2) The VMA believes we can build our way out of the property tax mess. This myth was used to keep the VMA in office. The NLP seems to be moving in the same direction. The increased tax base is not going to lower the property tax until the state reforms the tax system.
3) The third issue is participatory input by citizens. We have not honored the ordinance we passed. The majority panders to the special interests and is willing to foolishly act on limited public input even if the “experts” may not be right.
BACKGROUND: Schwab, a 29-year Oak Parker, holds a doctorate in information engineering from the University of Illinois at Chicago. He’s been a consultant, computer scientist and information systems manager for manufacturers, laboratories, and government agencies. Schwab’s 19 years of public service includes serving as both chair and a member of the Community Design Commission and as a member of the Community Development Citizen Advisory Committee.
PRIORITIES: 1) Oak Park’s recent popularity as a place to live has created development pressures that threaten to obliterate many of the things that created that popularity. The problem, for so many of us who live here and have worked so hard and so long to maintain and improve this community, is that, when the developers are done, we might not be able to recognize the place or afford to live here any more.
2) The idea that uncritically promoting new development will alleviate our property tax burden is simply wrong. Real property tax relief can come only from the state changing the way public schools are funded.
3) Oak Park’s government needs to spend far more time seeking residents’ opinions and acting upon them and far less time making decisions in private and then explaining to residents why they’ll just have to better learn to embrace change.

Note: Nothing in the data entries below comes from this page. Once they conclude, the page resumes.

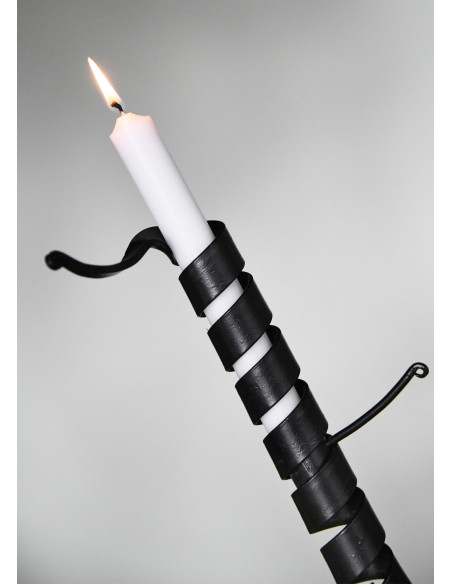 Candelabro medieval trenzado...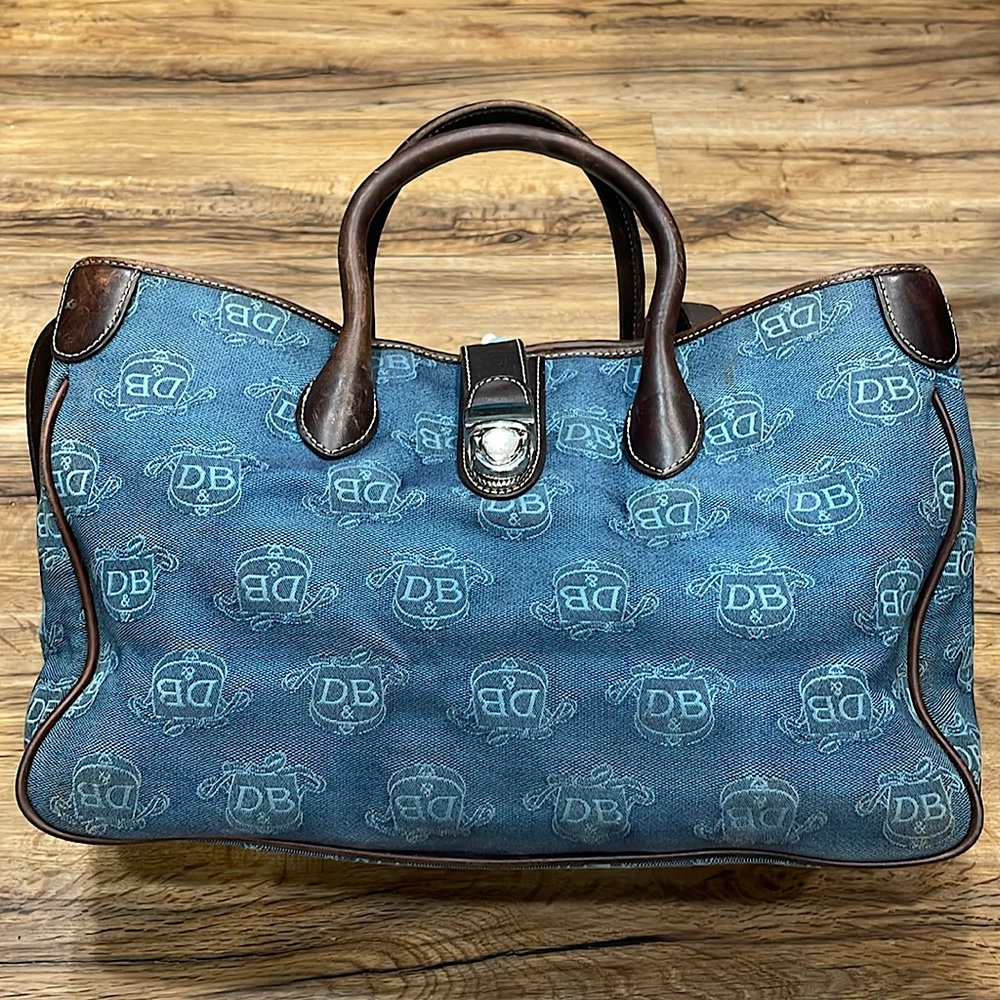 Dooney & Bourke tote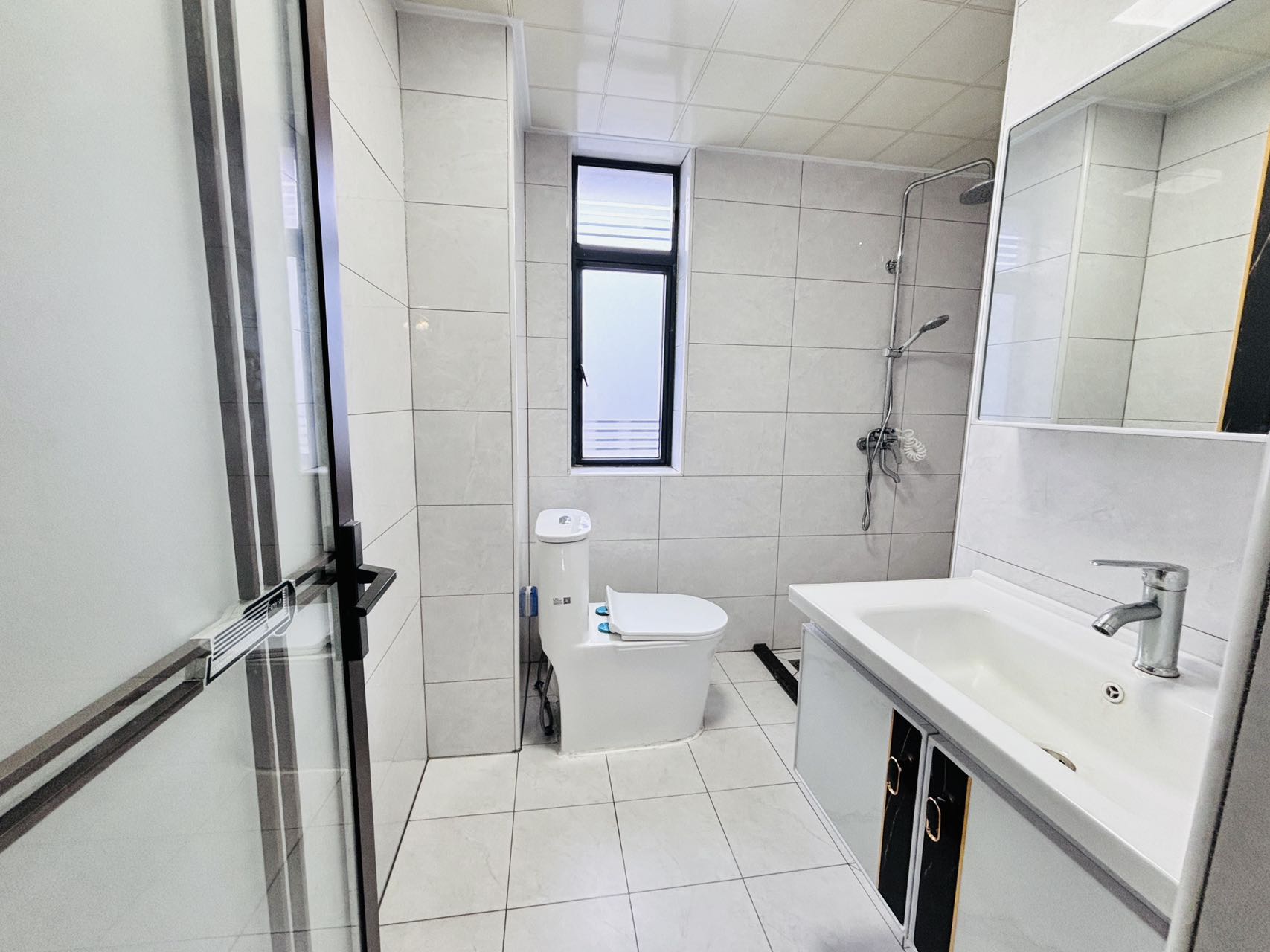 五源河公寓D区 3室2厅2卫 170.0万 五源河公寓D区 3室2厅2卫 170.0万室内图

Annabel Abraham (2-year term)
BACKGROUND: Abraham earned a bachelor’s and a master’s degree from Northwestern University. As a speech-language pathologist, she taught in several settings, including as a speech pathologist for WSASE (West Suburban
Association for Special Education), a cooperative among local school districts. She’s lived 53 years in the home she and her late husband Barnard built in Oak Park. Their three children “thrived” in Oak Park public schools.
She serves on the board of the Senior Citizens’ Center, located at the Oak Park Arms, and has served on the board of West Suburban Temple. She’s served on three village committees: Universal Access, Retail Support, and currently as a member of the Citizens Involvement Commission.
PRIORITIES: 1) Business districts: Much attention is paid to DTOP because of the TIF pot of gold and the designation downtown. However, there are twelve business districts in Oak Park, some with local associations. These areas could use help to identify and promote themselves.
2) Solicitation of businesses to move to Oak Park: We need a person with connections and a positive personality to find businesses for Oak Park. Could be a start-up business, could be a middle level, won’t be K-mart! My own hope is that Crate & Barrel could be lured to Oak Park.
3) Affordable housing/bungalow project: She’d like to see developers pay into a fund to help pay for affordable housing options. She’d also like to see a program that would encourage homeowners to improve their properties.